Una storia travagliata quella del referendum abrogativo di alcune norme della legge regionale sulla caccia, che inizia appunto nel 1987 con il deposito di circa 60 mila firme. Una battaglia legale durata un quarto di secolo, che, come viene ricordato nella Lettera aperta, ha visto sconfitti i continui tentativi di elusione degli obblighi istituzionali solo dopo una sentenza definitiva della Corte d’Appello di Torino del 29 gennaio 2010 ed una sentenza del TAR Piemonte del 25 gennaio 2012, che ha intimato alla Regione Piemonte di fissare la data del referendum.

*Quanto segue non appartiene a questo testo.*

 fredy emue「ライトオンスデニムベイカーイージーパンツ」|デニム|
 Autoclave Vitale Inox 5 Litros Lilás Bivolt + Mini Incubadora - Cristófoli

Una storia che gli ambientalisti e gli animalisti trovano incomprensibile, censurando nella lettera aperta un comportamento delle istituzioni che ha avuto l’unico scopo di “impedire che venisse avviata la procedura referendaria, piuttosto che garantire la partecipazione democratica consentendo lo svolgersi della consultazione popolare “in conformità al dato costituzionale, nonché alla legge statale e regionale che ravvisa nell’istituto referendario un primario strumento di partecipazione democratica dei cittadini al processo di formazione delle leggi” (Sentenza della Corte d’Appello di Torino del 29/1/2010)”.

Ora la parola è alla Commissione di garanzia del Consiglio regionale, che entro il 13 aprile formulerà il quesito e potrà dare indicazioni sulla data del 3 giugno. Alla base del referendum le richieste di modifica sostenute da circa 60 mila cittadini alcuni aspetti importanti della normativa vigente: 1. il divieto di caccia per 25 specie selvatiche (17 specie di uccelli e 8 specie di mammiferi), che oggi sono cacciabili; 2. il divieto di caccia generalizzato su terreno innevato, 3. l’abolizione delle deroghe per le aziende faunistiche private ai limiti degli abbattimenti; 4. il divieto di caccia la domenica.

Gli ambientalisti e gli animalisti ritengono che sinora la III Commissione consigliare della Regione Piemonte stia procedendo ad una riforma peggiorativa della normativa vigente sulla caccia, ampliando le specie cacciabili e deregolamentando ulteriormente la caccia, invece che orientarsi ad una revisione che risponda alle richieste di modifica dei promotori del referendum. E’ per questo che in assenza di modifiche migliorative, che vadano nella direzione indicata dai circa 60 mila cittadini promotori del referendum, nella Lettera aperta si chiede un tangibile e improcrastinabile impegno affinché sia garantita pienamente l’informazione e facilitata la partecipazione dei cittadini alla prima consultazione popolare della storia della regione Piemonte.